While the bulk of our mortgage business in the early to mid 1980s was located here in the United States, in the late 1980s Japanese investors became very active in our sector. This development presented some real challenges including:
1. time differential
2. type and level of engagement
3. impact of cultural differences
Allow me to expound. Given the twelve-hour time difference between New York and Tokyo, as traders we would have our Japanese sales representatives call us at home from 10PM to 4AM. If my memory serves me correctly, most of the calls came after midnight. I am a very sound sleeper, so it was indeed a challenge to orient myself and then ask our rep what the government market was doing so I could price my bid or offering on mortgage securities accordingly. More often than not, the transaction would not occur on the first call but took a few calls over the course of a half hour or so. If we executed the trade, then I would need to hedge myself by executing an offsetting trade in the government market, try to get back to sleep, and unwind the trade in the morning when I got to the office. After a month or so of this pattern, my wife wondered how long this was going to continue. From a business standpoint, I wanted to get woken every night. From the standpoint of marital bliss, hopefully not so much. As fate would have it, the business went in spurts.

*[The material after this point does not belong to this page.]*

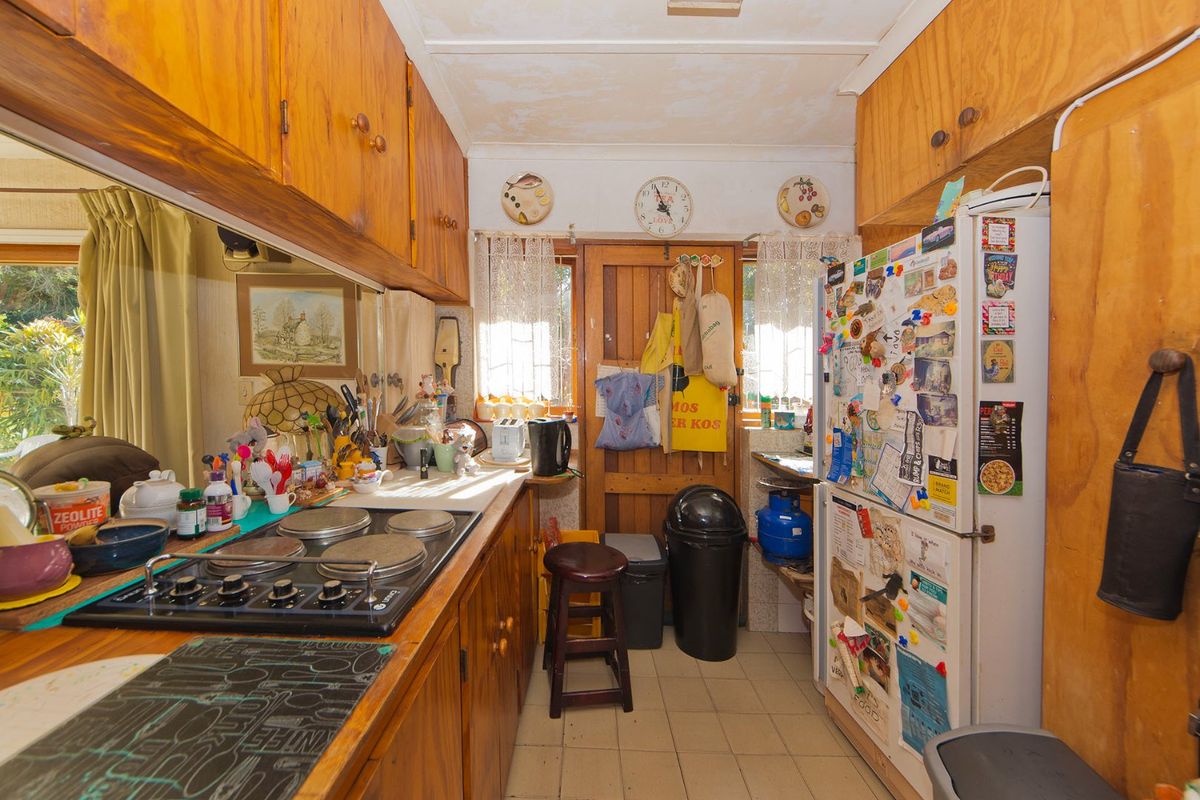 A dated kitchen featuring wooden cabinetry, an electric hob, and tiled flooring, in need of cosmetic updates to improve its overall condition and aesthetic appeal.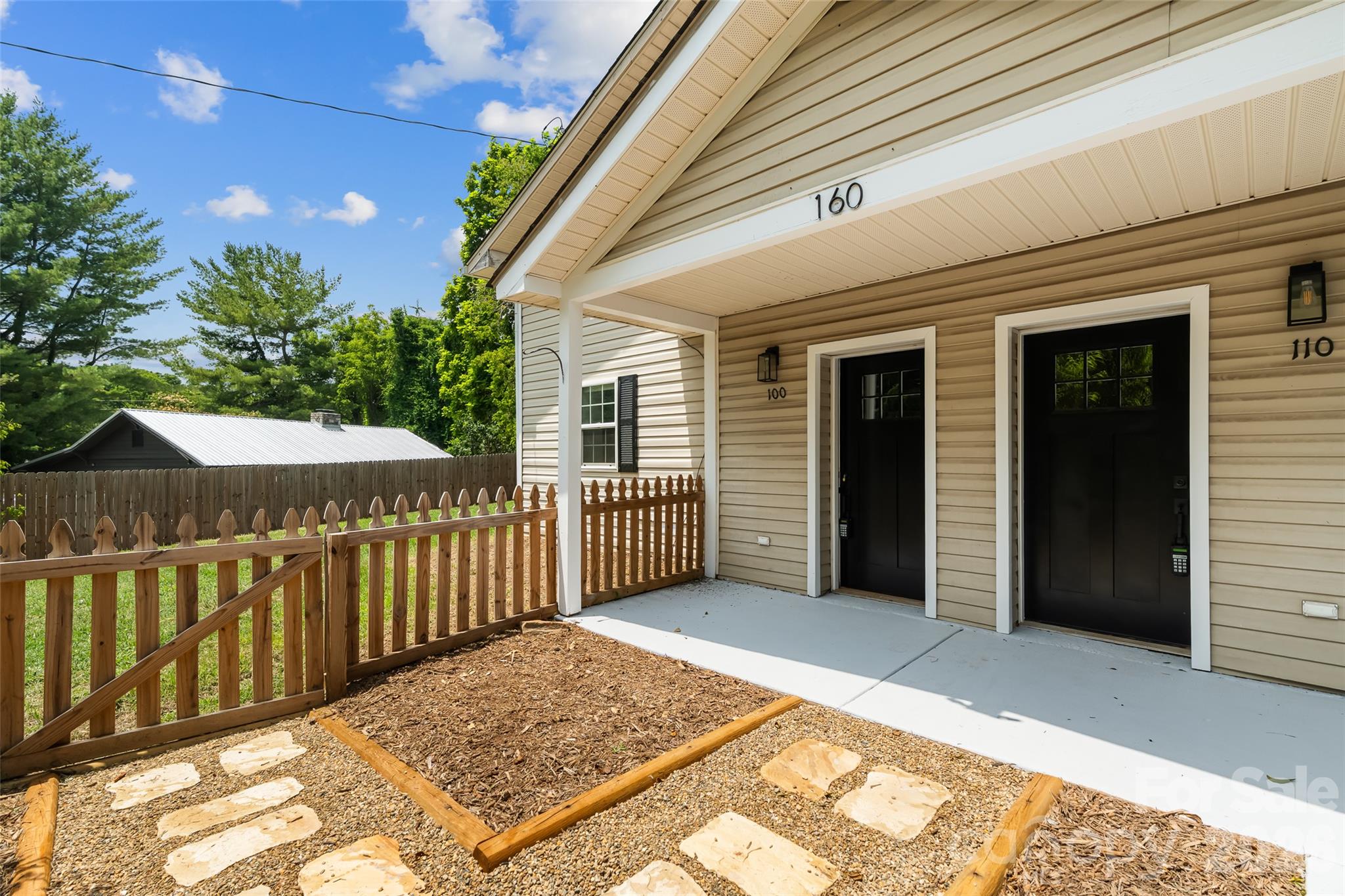 Looking to the left of the front doors towards the fenced in yard and State Street. - 160 State Street, Asheville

As business with our Japanese clientele increased, it became very obvious that when one client entered into a transaction, a herd mentality developed and many clients would look to do the same trade. Certain bonds would get very expensive or very cheap as a result.

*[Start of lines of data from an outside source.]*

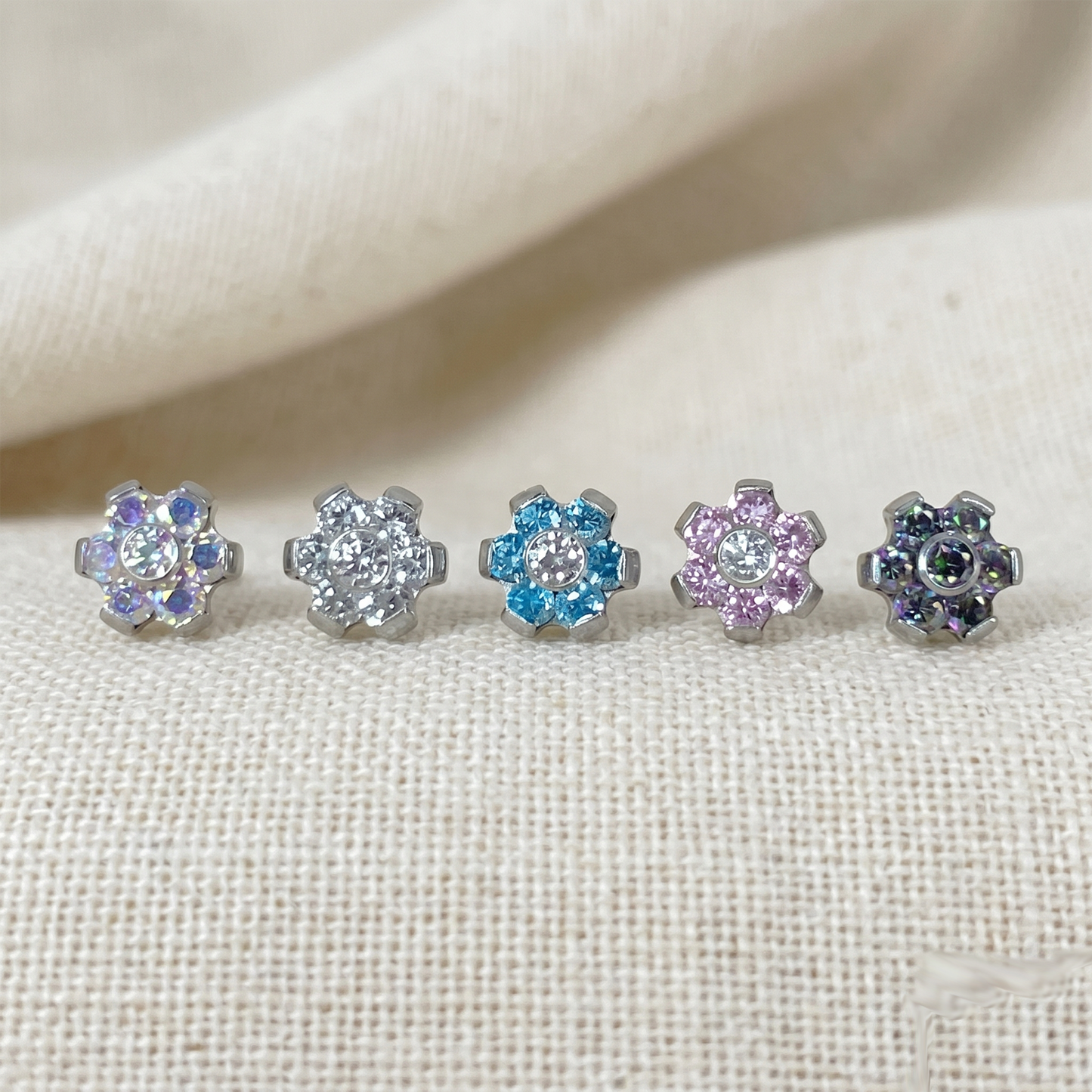 Set of five floral stud earrings with multicolored gemstones on a beige fabric background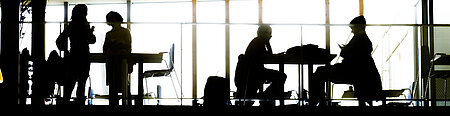 Silhouettes of people against a big window.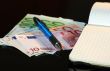 Money, notebook and pencil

In the early to mid 1990s, the market got very volatile. As rates moved in large directions, both up and down, a lot of trading occurred and the business with the Japanese clients got very interesting. In executing trades, the Japanese would request and then mandate that the trade levels be adjusted to off market prices. I distinctly recall questioning management if we could do that. What about our accounting rules and the tax impact? We were then directed to execute the trade with a London counterparty at market and that entity would in turn execute with the Japanese client off market. I inquired what motivated the Japanese clients to do that? I was informed that they did not want to take a loss. Wow!! What a way to run a business.
Two other experiences with Japanese clients stand out in my mind that I would like to share with you. In one situation with a newer client, they did not perform in delivering securities that we purchased. I informed the representative of the need to perform so we could in turn deliver them to another entity. Speed was of the essence so we could minimize the expense involved with the “fail to deliver.” Despite my beseeching, a few days went by and the incurred loss increased to more than a small amount of money. At that point, our senior representative in Tokyo called me at home and informed me that I needed to get on a conference call with the client and apologize for this issue. I responded that he must be kidding and reviewed the series of events. He informed me that the major issue was not the client’s “fail to deliver” but my degree of “honor” in doing business with them and that I needed to apologize to them. I scratched my head and asked him to explain that to me again. I informed him of the specifics once again, after which he then educated me on the finer points of Asian culture and being honorable. I did not ask him, but I was thinking what kind of honor was involved in doing “off market” trades.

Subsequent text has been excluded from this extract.